Being a parent is a high and holy calling…and one of the toughest jobs around.
There are many other words we can use to describe the blessings and burdens of being a parent, but underlying them all is a gracious God providing the wisdom and strength needed to nurture a child from one’s birth to the other’s death. In truth, parents are one of God’s greatest gifts to the church, for without parents there would be no need for future planning boards, no need for Sunday School, and certainly no need for youth ministry.
These people have accepted, with God’s help, this calling and taken on the divine task of teaching, nurturing, and providing for the youngest in God’s kingdom. It is into this remarkable world that we as youth leaders are given an invitation to join in the journey and assist with the adventure of shaping another person’s life.
What is the role of the youth leader in this journey? It is a unique partnership–parents and youth leaders–but it is the youth leader who accepts an invitation into partnership, rather than being the one extending the invitation. This creates a different perspective for our ministry. The emphasis goes from “what are we doing for them,” to “what we have been invited to share in…a high and holy calling…and one of the toughest jobs on earth!” The fact that young people are in our churches is where the party begins. The fact that parents have chosen to make your church, your youth ministry, a part of their family life is great, and rejoicing in heaven takes place with such a choice.

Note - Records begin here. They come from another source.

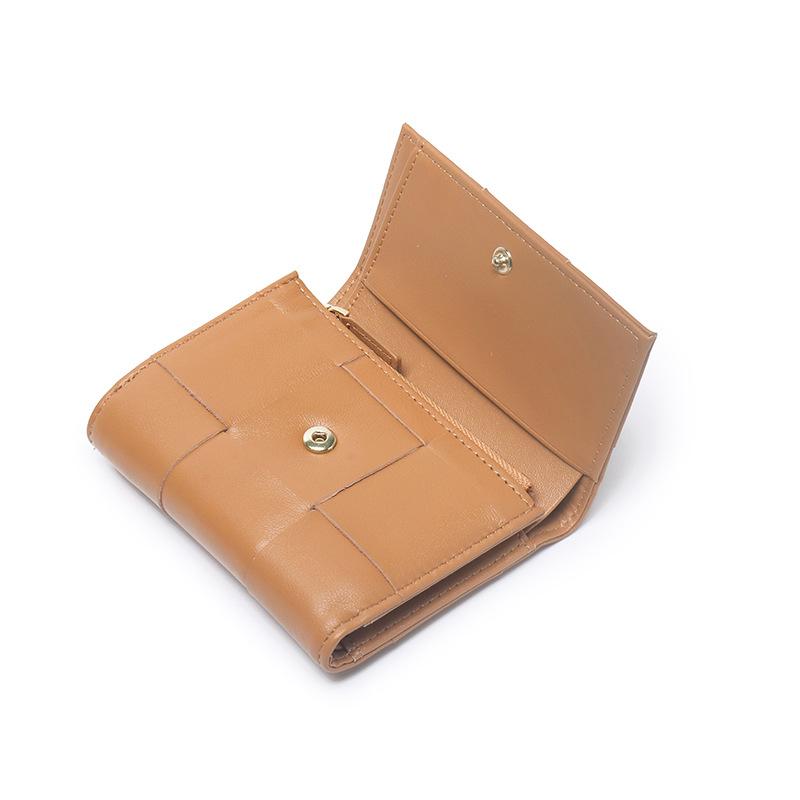 Kleine Geldbörse aus Schaffell, kurze dreifach gefaltete Geldbörse aus Leder, handgewebt, faltbare Wechseltasche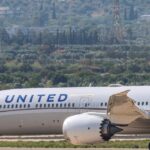 A United Airlines Airbus jet had to turn around after a piece of its engine lining fell off during takeoff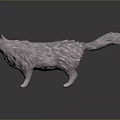 Light Colored 3D Cat Model Featuring Fluffy Fur Yellow Eyes On Dark Reflective Background 3d model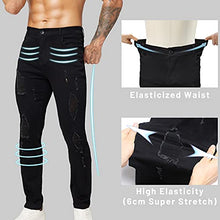 Load image into Gallery viewer, Talanes Ripped Jeans for Men Slim Fit Skinny Jean Pants Stretch Distressed Tapered Leg Black 28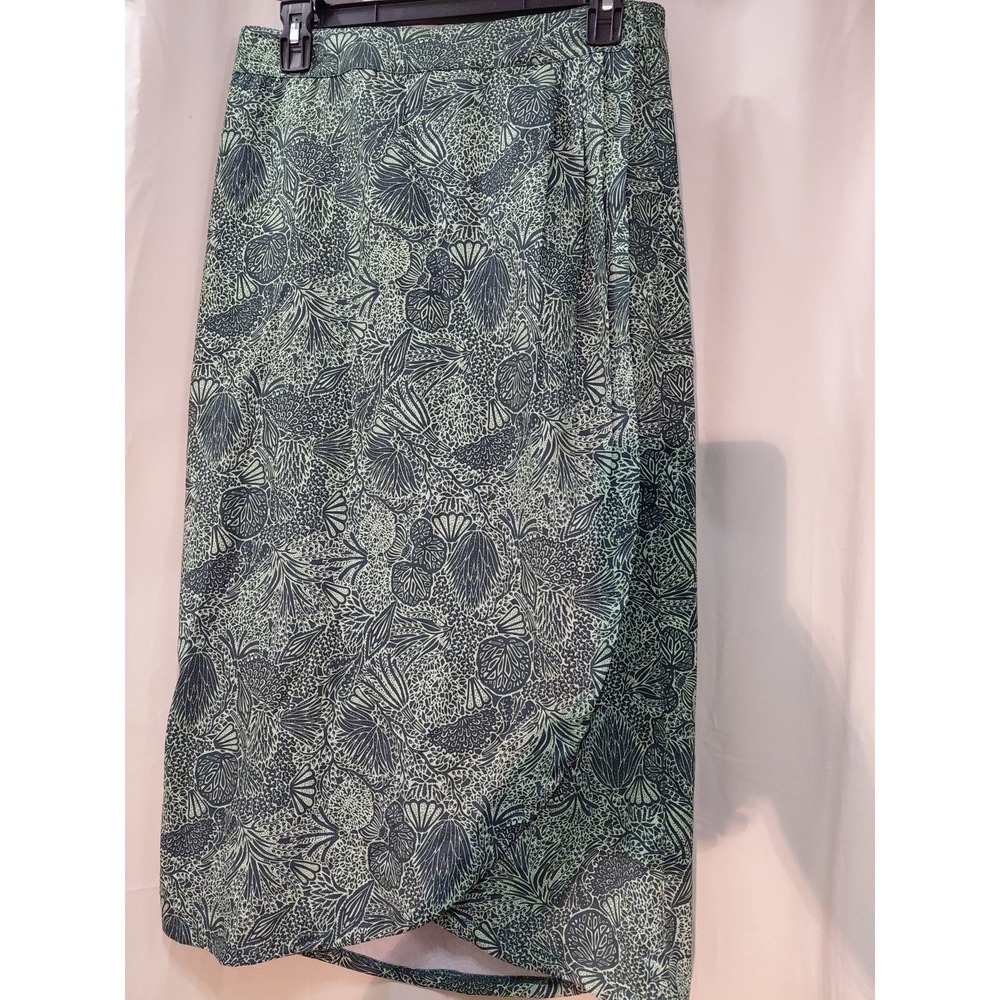 Womens Rip‎ Skirt Hawaii  Beach Wear  Green Print Size Small Long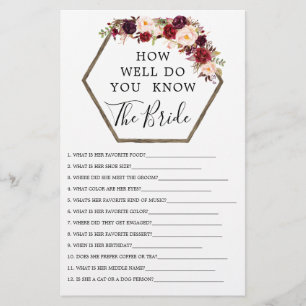 Boho Burgundy Double Sided Bridal Shower Games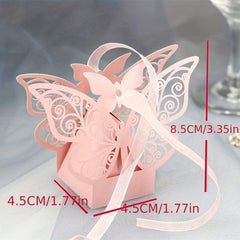 10pcs Pink Butterfly Candy Box Chocolate Goodie Boxes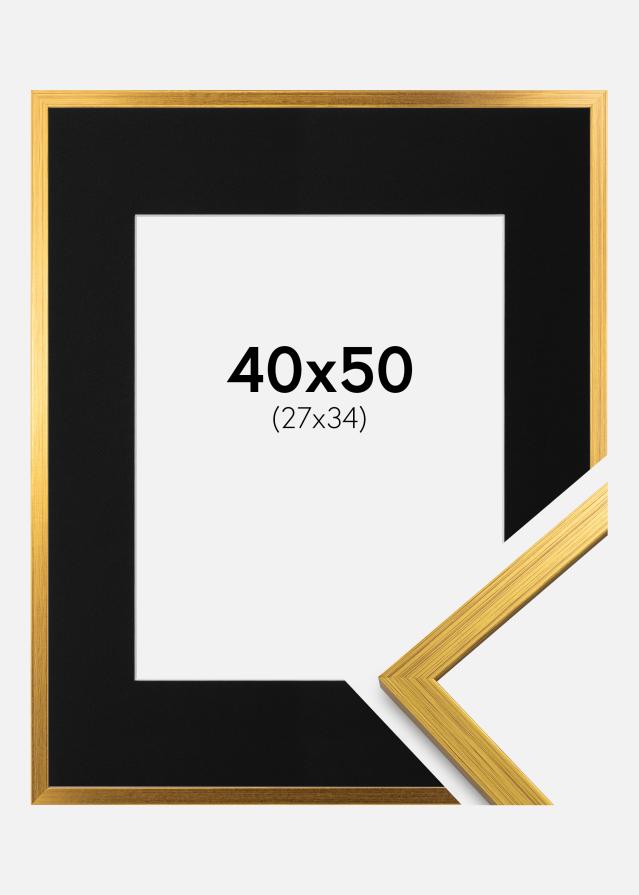 Cadre Edsbyn Or 40x50 cm - Passe-partout Noir 28x35 cm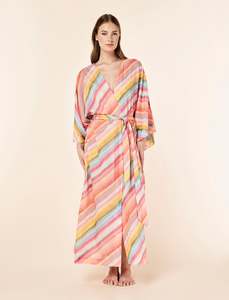 Cotton Sleepwear 1: Sophie Stripe Maxi Kimono Robe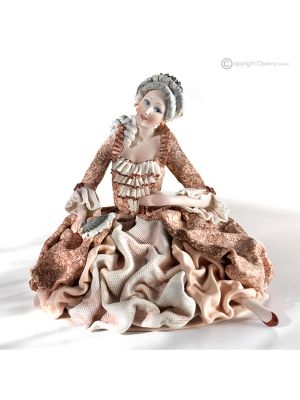 DAMA Romantische Dame Capodimonte, italienische Kunst aus reinem Porzellan.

As a partner in the journey you may ask, “How can I help?” What can I do to make this nurturing process joyful for parents and youth? What kinds of activities would be interesting and helpful? What would enrich their lives? How is God guiding them to live out their calling in that place? In the end, we are helping families set priorities…joining in the process, rather than standing back and being discouraged with the priorities they may be setting.
Setting priorities is a personal matter, but perhaps those who need our prayers the most are those called to make those decisions for and with their children. The parental struggle is to make the right choice for their children, always desiring what is in their best interests.
These adolescent years are filled with the tug-of-war issues which ultimately form a war of independence. Choices about the level of participation in church life and youth group are a prime target for a battleground, and in many ways our active partnership can help keep the casualty numbers low. The partnership will also help us remember that the issue is what is spiritually best for the parent and youth, rather than focusing on more personal desires for numbers in our youth group or rave reviews for our planning.
So how can we help parents set priorities? While we, as youth leaders, have many things to offer the youth and their parents, it is helpful to remember three key things that parents have going for them which youth leaders do not. They are as follows:
- It is the parents’ “party” (or war, depending on the day).
- Parents know their child better than we do.
- Parents love their child more than we do.
Do we still have a right to enter into priority setting issues? Yes, if it is offered in the form of support. God asks us to use our gifts as youth workers to inform, edify, and help parents develop better relationships with their children.
Where should we start? Listed below are several suggestions, but consider first your own situation. Only you can reflect on your youth ministry and determine which are ideas to pursue. These are not listed in any order of priority, because the level of importance may vary from one to another.
Structure your youth programs to allow better parenting.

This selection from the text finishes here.